Instructions to follow: Every line from the top of the records through the one bearing "We're only going" is to be reproduced exactly, and pictures are to be left out.

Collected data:

+ + +

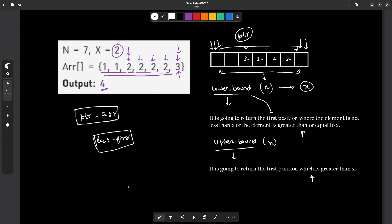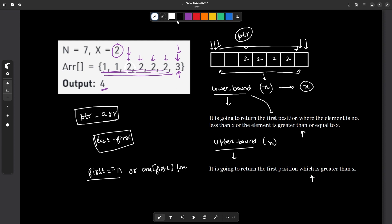A couple of edge cases to note: what if the element is not present in the array? For example, if I was looking for 5 in this array, then first would be equal to n. Or another case: if all the elements were 1 and I look for 2, lower bound would return a pointer to 3, so first is less than n but array[first] is not equal to x. In both cases the answer is 0. Otherwise, the answer is last minus first, where last is the upper bound index and first is the lower bound index.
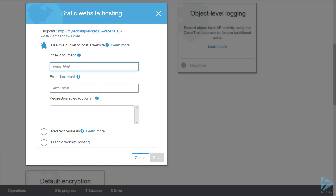We're only going to change one item here and that's the index document. I've created a file called index.html. Then we click on Save.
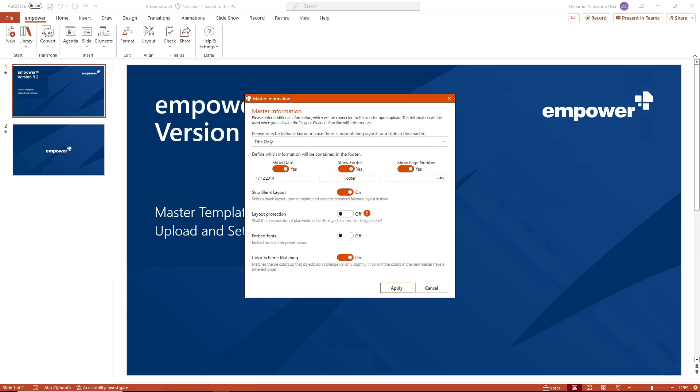You then determine whether a footer should be displayed and, if so, whether a date and page number should be included in the footer. If you select the skip blank layout option, an empty layout will be skipped during assignment and will not be migrated.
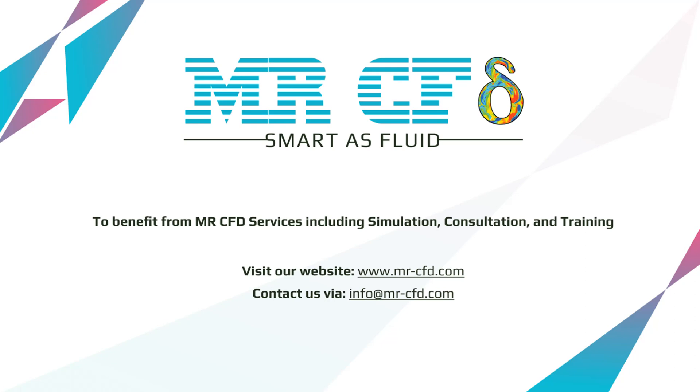To benefit from MR CFD services, including simulation, consultation, and training, contact our experts via info at mr-cfd.com.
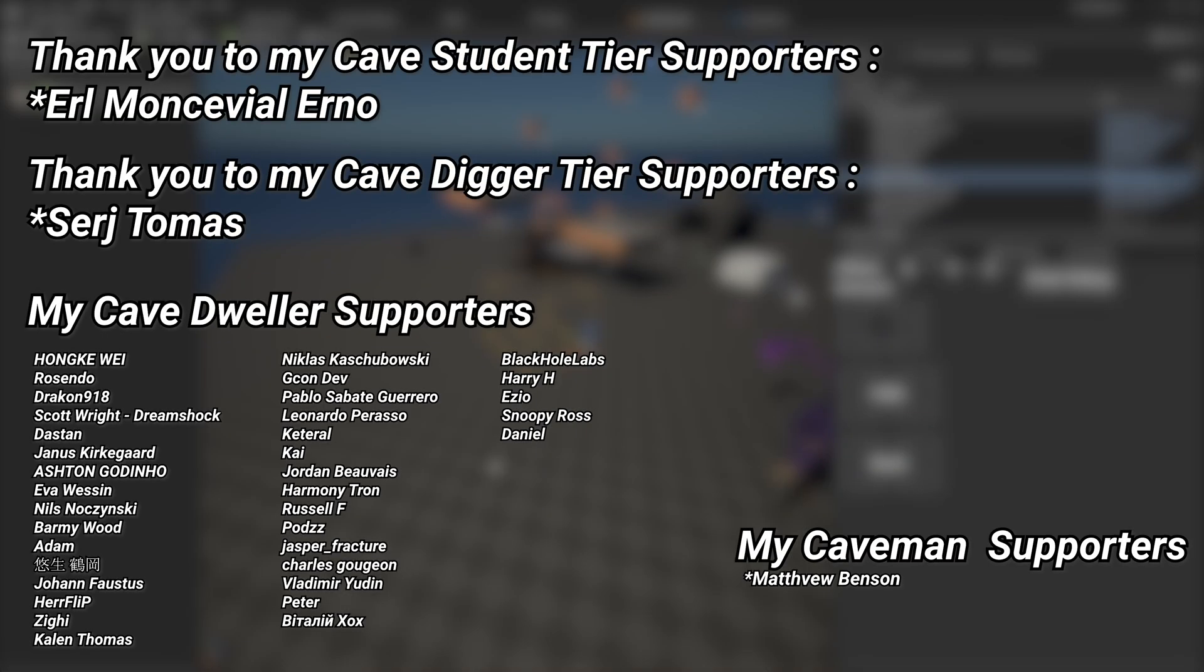So hopefully this shows you a little bit how powerful these things can be and it gets you excited to start tinkering with making. A very big thank you to all of my Patreons, you can see them on screen right now. If you want to help out supporting the channel there's a link down below in the description to the Patreon page. A huge thank you to my cave student tier supporters Earl, Montevil, Urno, and my cave digger tier supporters Sergey, Thomas.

+ + +

Result below:
A couple of edge cases to note: what if the element is not present in the array? For example, if I was looking for 5 in this array, then first would be equal to n. Or another case: if all the elements were 1 and I look for 2, lower bound would return a pointer to 3, so first is less than n but array[first] is not equal to x. In both cases the answer is 0. Otherwise, the answer is last minus first, where last is the upper bound index and first is the lower bound index.
We're only going to change one item here and that's the index document. I've created a file called index.html. Then we click on Save.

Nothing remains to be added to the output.